A job scheduler is the part of a system responsible for deciding when work runs. Rather than have a person sit and launch a program at the right moment, the scheduler holds a description of the work and the timing, and starts it on its own. The three common timing models are: run once at a fixed future time, run repeatedly on a calendar pattern, and run when a queue is ready and the machine has capacity to spare. Unix supplied a small, sharp tool for each.
The repeating case belongs to cron. Its daemon, described in cron(8) as one that “examines all stored crontabs and checks each job to see if it needs to be run in the current minute,” wakes up each minute and fires any command whose calendar pattern matches the current time. This covers everything that should happen on a schedule: nightly backups, hourly cache clears, weekly reports. The five-field crontab line is the canonical way to express “this command, on this recurring pattern.”

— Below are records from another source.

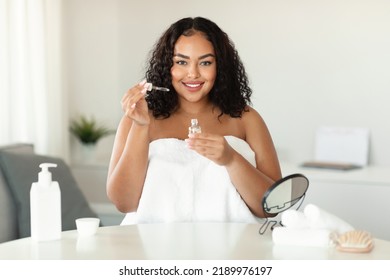 Skincare concept. Plus size black lady applying face serum with dropper while sitting at home, smiling at camera. African american woman moisturizing skin, enjoying self-care routine - Powered by Shutterstock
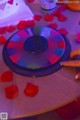 A wheel of fortune on a table surrounded by rose petals.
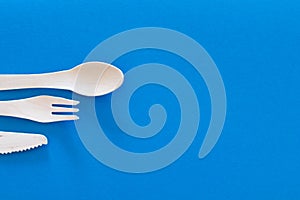 Forks Cutlery on a bright blue background. Eco-friendly wooden disposable cutlery on bright colored backdrop. Wallpapers for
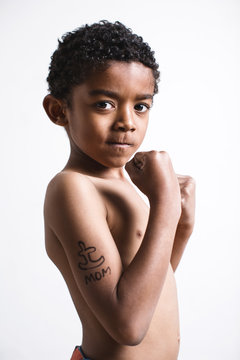 Portrait of a boy with a funny tattoo on biceps.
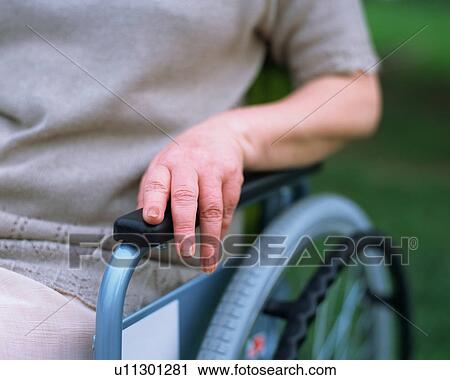 Stock Image - A senior woman sitting in a wheel chair. Fotosearch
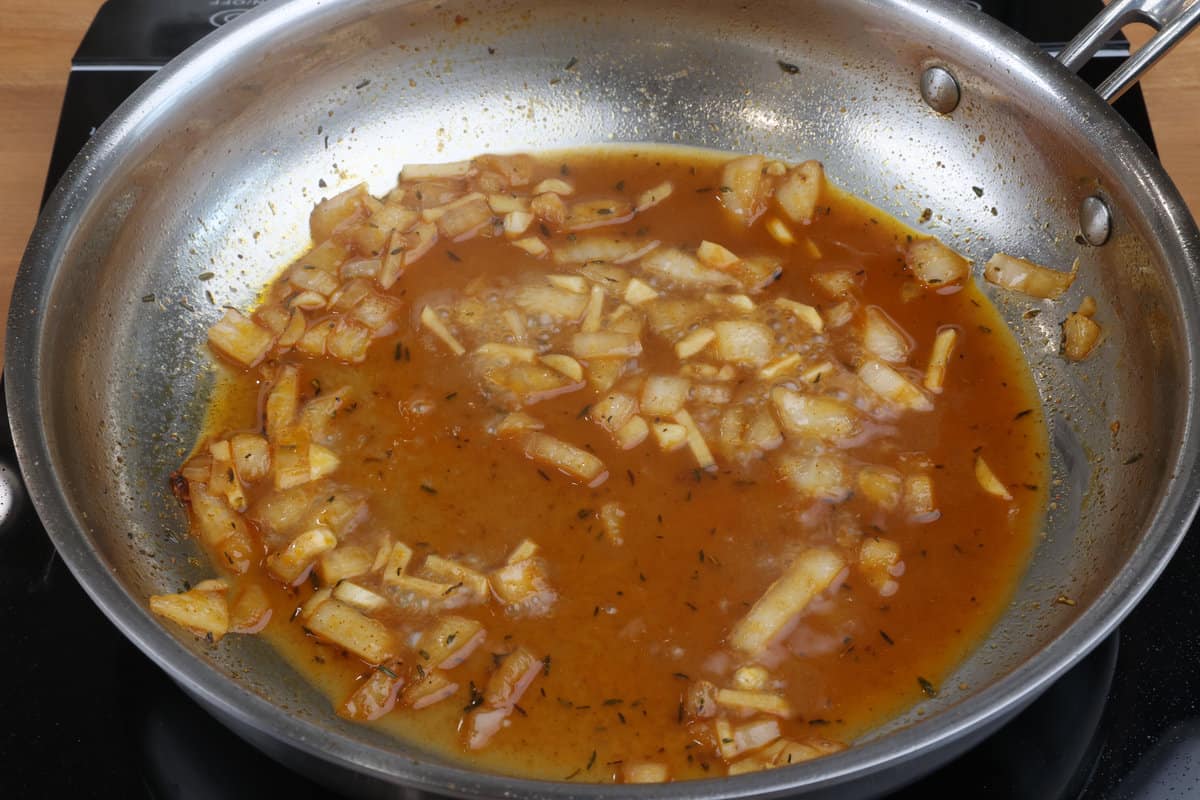 chicken broth, onions and garlic cooking in a skillet on the stove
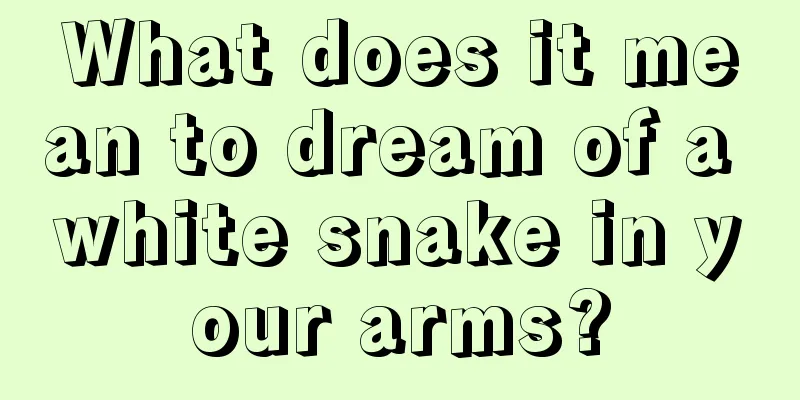 What does it mean to dream of a white snake in your arms?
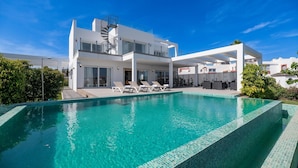 A modern two-story house with a swimming pool, outdoor seating, and a spiral staircase. - Villapadierna Solstice Sanctuary Villa (Estepona)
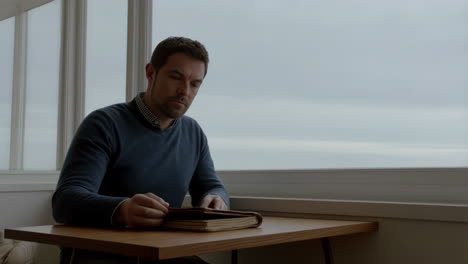 man at table with book looking out window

The run-once case belongs to at. The at(1p) manual page describes a utility that “shall read commands from standard input and group them together as an at-job, to be executed at a later time.” Where cron repeats forever, at fires a job exactly once, at a moment you name, and then forgets it. Its sibling batch handles the third model: rather than tying work to the clock, it queues jobs and runs them when the system load is low enough, so heavy work waits for a quiet machine. The POSIX page notes that batch uses a distinct queue from the default at queue.
These models long predate Unix. On the mainframes of the 1950s and 1960s, “the job” was the unit of computing: a deck of cards or a tape submitted to an operator, queued, and run in turn, often overnight, with the term batch processing describing exactly the queue-and-run pattern. The operating system’s job scheduler decided which job got the machine next. Unix’s cron, at, and batch carried that idea onto interactive, multi-user systems, where most of the time there was a logged-in user but the routine work still needed to happen on its own.
At larger scale the same concept reappears as dedicated enterprise scheduling systems and, later, workflow and orchestration engines that manage thousands of interdependent jobs across many machines, with retries, dependencies, calendars, and monitoring. The vocabulary grows, but the core question is the one cron answered for a single Unix box: given a description of work and a description of when, make it run, reliably, without a human in the loop.
Understood broadly, the job scheduler is one of the quiet foundations of automation. Whenever a system does something “automatically” on a timetable or a queue rather than in response to a direct command, some scheduler, from a one-line crontab entry to a distributed workflow engine, is the thing deciding that now is the time.